Loewenstein doesn't buy that premise. In the book, Loewenstein describes how, throughout his upbringing in a 'liberal Zionist' family in Melbourne, Australia, he experienced constant parades against any criticism of Israel. His grandparents, who had survived the Holocaust, came to Australia as refugees and saw Israel's existence as a sovereign and indivisible Jewish state as a necessity for the survival and security of the Jewish people. Any reference to Israel's occupation of the Palestinian territories and the expansion of illegal settlements was dismissed in the Loewenstein family with reference to the threat of annihilation from the surrounding Arab countries. For the Loewenstein family, as for many others in the Jewish diaspora, the dominant story about the state of Israel was based on fear: «Jews were constantly under attack and Israel was the answer. Regardless of what suffering the Palestinians had to endure for the safety of the Jews."

The history of Israel as a constantly threatened victim nation is a "perverse lesson from the holocaust"
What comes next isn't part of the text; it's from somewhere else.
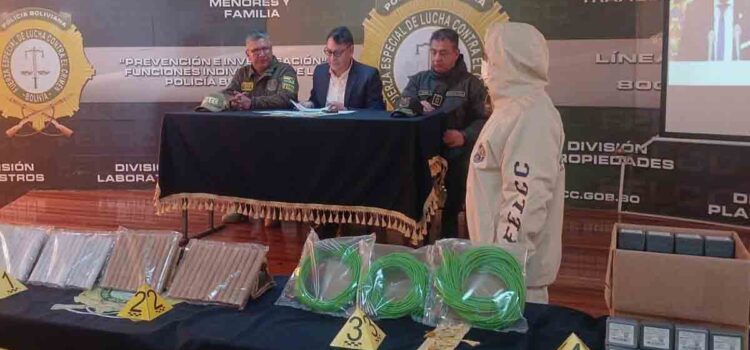 Policía Boliviana desarticula operativo de transporte ilegal de explosivos en La Paz.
Zionism was a kind faustpagt with the West, where every step towards the goal came to drag a trail of infernal destruction behind it: "The birth of the State of Israel in 1948 was a miracle for many Jews around the world but a disaster for the
Palestinian population.”
The disaster was the so-called nakba, where between 1947 and 1949 pro-Israeli settlers wiped 531 villages off the map, drove up to 750.000 Palestinians from their homes and killed more than 15 people.
The history of Israel as a constantly threatened victim nation is a "perverse lesson from the holocaust"
For Loewenstein, criticizing Zionism is not just criticizing an abstract desire for a Jewish state, but a critique of a disastrous political project inseparable from the Western imperialism and settler colonialism that enabled and financed it. For Loewenstein, who settled in East Jerusalem between 2016 and 2020 to cover the conflicts in the region, the story of Israel as a constantly threatened victim nation is a "perverse lesson from the Holocaust". The State of Israel was from the beginning, according to Loewenstein, a political project that was less about ensuring the survival of Jews than about ensuring the global hegemony of the West: a continuation of the , lonial#e project under the guise of a solution to the so-called Jewish question.



Follow editor Truls Lie on X(twitter) or Telegram

Dominique Routhier
Dominique Routhier
Routhier is a regular critic of Ny Tid.